I need to parse apache web logs that can run into the billions of requests per month. I need to coorelate and aggregate all this data and be able to display these results for up to a year back. I have two approaches and can't decide which is the better approach being new to splunk.
Problem: for a given web event, I need to create a custom search expression to extract several fields that are not cleanly parsed by the default field extraction. Then take the extracted ISBN data field and run it through a perl or python ISBN converter script to get normalized 13 digit values. I then need to call an external Oracle DB system through perl scripts to obtain the title and publisher. I then need to aggregate the occurances of this ISBN per client, which is another field in the event. The user then would want to view this data by seeing the results by client or by top clients, all clients, by ISBN, by publisher. There could be thousands of unique clients. This data would need to be viewed by marketing separate from the views of the IT dept.
choice 1 I have proposed to do all the field extractions, ISBN normalization, Title/publisher lookups and aggregation in perl scripts and create a CSV file that represents one days worth of event parsing. date=1274428800,client=user1,isbn=9789004106802,title=A,publisher=X,hits_tday=2 date=1274428800,client=user1,isbn=9789004106895,title=B,publisher=Y,hits_tday=105 date=1274428800,client=user2,isbn=9789004107328,title=C,publisher=Z,hits_tday=1 date=1274428800,client=user2,isbn=9789004115620,title=D,publisher=W,hits_tday=1
Having this parser run as a cron job once a day. I then proposed that this csv data would be fed into splunk and using the search and stats commands to build views of this tabular data. This of course requires that splunk now has to keep the original event logs, used by the IT guys, and my new csv tables, to be used by marketing. I would build a dashboard for the marketing team and have custom searches created. Like by-client, all-clients, by-publisher etc...
choice 2 They want me to try and do this all in a custom search in real time and not pre-parse/stage this data as I just mentioned. Does means rewritting all the perl into python (unless perl can be used?). I see conflicting examples of only python scripts can be used and in some cases perl is used. Can this be done?

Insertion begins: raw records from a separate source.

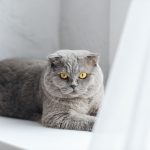 Un chat gris dans une maison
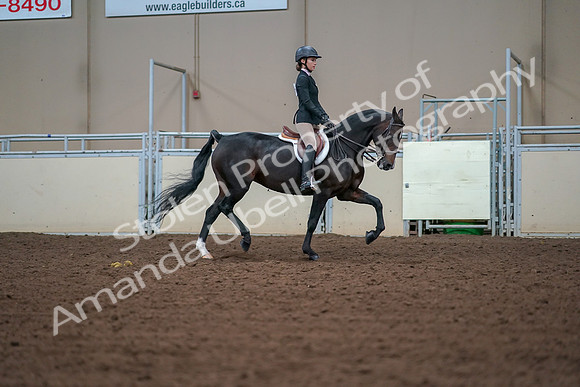 2019 Morgan Horse Show - Aug 30, 2019 - 20773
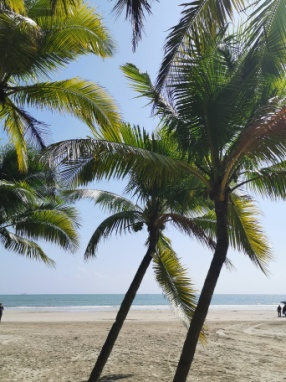 圖片 2.png 圖片 2.png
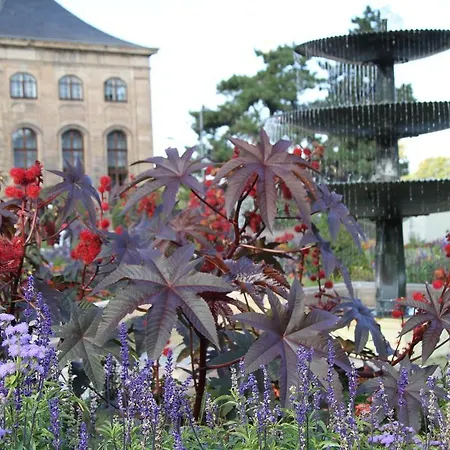 Nelkenberg 3-wohnen In Eberts Kaffeerosterei * غوتا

Can perl be used in a search command? When I retrieve the normalized ISBN, title and publisher, will this data be added to the original indexed set of events so this data is not retrieved every time a user views the data? Should I use summary indexing and aggregate daily to speed up user reports?
We have a licensed version of Splunk so I have access to all its capabilities.
What is the suggested approach?
It seems that if I built a custom search command that parses billions of events, normalizes the ISBN, retrieves the title/publisher for every event then provides a roll up analysis of this data per client for the selected time frame would take a long time. If the user then clicks by-pubisher would the entire data set be processed again? Shouldn't all this data be saved into a new table somehow, so the next user request doesn't go through it all again?
I would suggest you use the lookup feature that splunk provides. Basically you can have a csv file which contains the following fields: log_isbn, normalized_isbn, title, <other fields>, then at search time you can enrich your results with data from this lookup table
Documentation on lookups: http://www.splunk.com/base/Documentation/latest/Knowledge/Addfieldsfromexternaldatasources
A similar question by another user http://answers.splunk.com/questions/1884/lookups-using-them-to-replace-the-host-field
Ok, this sounds good. Once I enrich the results with the data from the CSV file, is the data in the result set now part of the indexed data?